Xah Lee, 2008-07
The following is originally a post to newsgroup “comp.lang.lisp”.
Fundamental Problems of Lisp — Prelude
Since i'm writing... n i wrote a lot in the past on diverse issues scattered in various essays... i'll sum up some fundamental problems of lisp:
• Lisp relies on a regular nested syntax. However, the lisp syntax has several irregularities, that reduces such syntax's power and confuses the language semantics. (i.e. those «' # ; ` ,» chars.) (and whenever i tried to get some technical answer about this to clarify at least my own understanding, protective lispers muck and obfuscate the truth. (its likely that few lispers actually completely understand all of lisp's syntactical irregularities.))
• Lisp's irregular syntax those «' # ; ` ,» things, are practically confusing and made the lang less powerful. i.e. in elisp, there's no form of comment in matching delimiters (and consequently no nested comment). The reliance on EOL chars as part of the syntax semantics is one of the major detriment of the power of pure nested syntax.
• Lisp relies on a regular nested syntax. Because of such regularity of the syntax, it allows transformation of the source code by a simple lexical scan. This has powerful ramification. (practically, lispers realized just one: the lisp macros) For example, since the syntax is regular, one could easily have alternative, easier to read syntaxes as a layer. (the concept is somewhat known in early lisp as M-expression) Mathematica took this advantage (probably independent of lisp's influence), so that you really have easy to read syntax, yet fully retain the regular form advantages. In lisp history, such layer been done and tried here and there in various forms or langs ( CGOL↗, Dylan↗), but never caught on due to largely social happenings. Part of these reasons are political. (thanks to, in part, sensitive and ignorant lispers here that stops proper discussion of it.)
• One of the advantage of pure fully functional syntax is that a programer should never need to format his source code (i.e. pressing tabs, returns) in coding, and save the hundreds hours of labor, guides, tutorials, advices, publications, editor tools, on what's known as “coding style convention”, because the editor can reformat the source code on the fly based on a simple lexical scan.
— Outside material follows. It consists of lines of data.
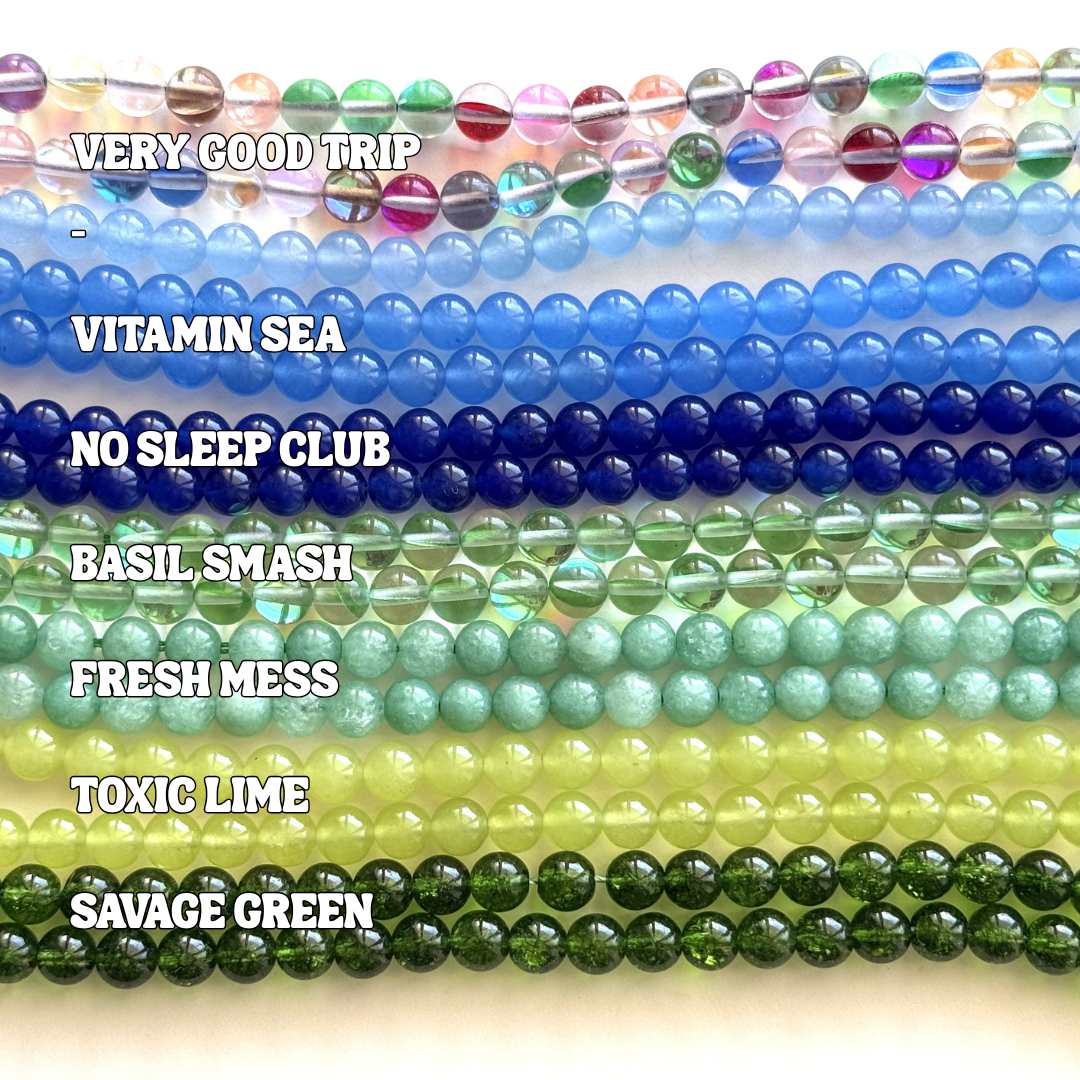 CUSTOM MOOD necklace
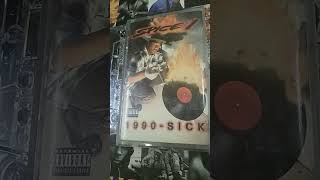 Spice -1 Dirty Bay 1990-Sick 1995 Cassette Tape Classic Legendary Album Jive Records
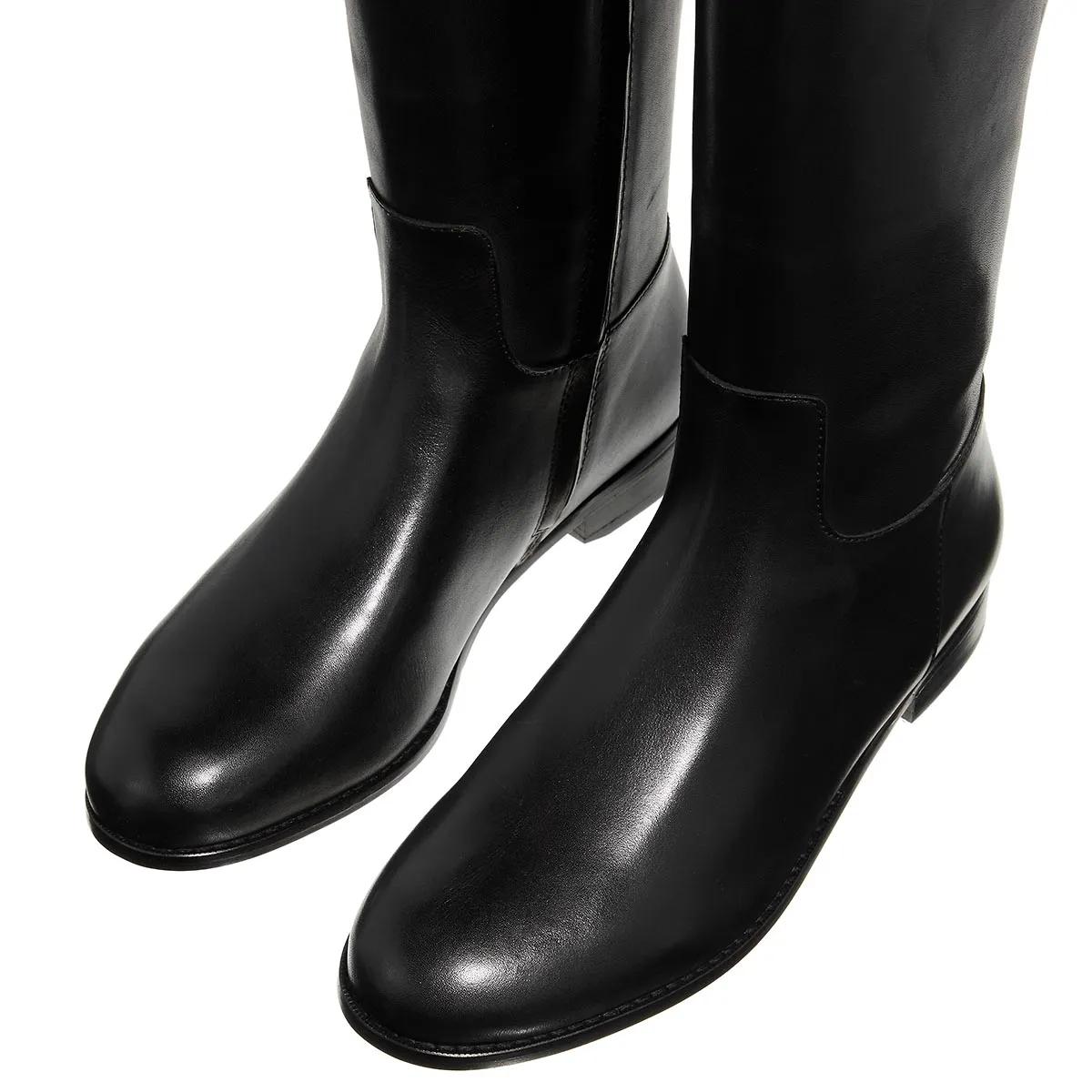 Thumbnail - Lauren Ralph Lauren Stiefel & Boots - Justine Ii Boots Tall Boot - Gr. 36 (EU) - in Braun - für Damen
This is done in Mathematica version 3 (~1996). In coding elisp, i'm pained to no ends by the manual process of formatting lisp code. The lisp community, established a particular way of formatting lisp code as exhibited in emacs's lisp modes and written guides of conventions. The recognization of such convention further erode any possibility and awareness of automatic, uniform, universal, formatting. (e.g. the uniform and universal part of advantage is exhibited by Python)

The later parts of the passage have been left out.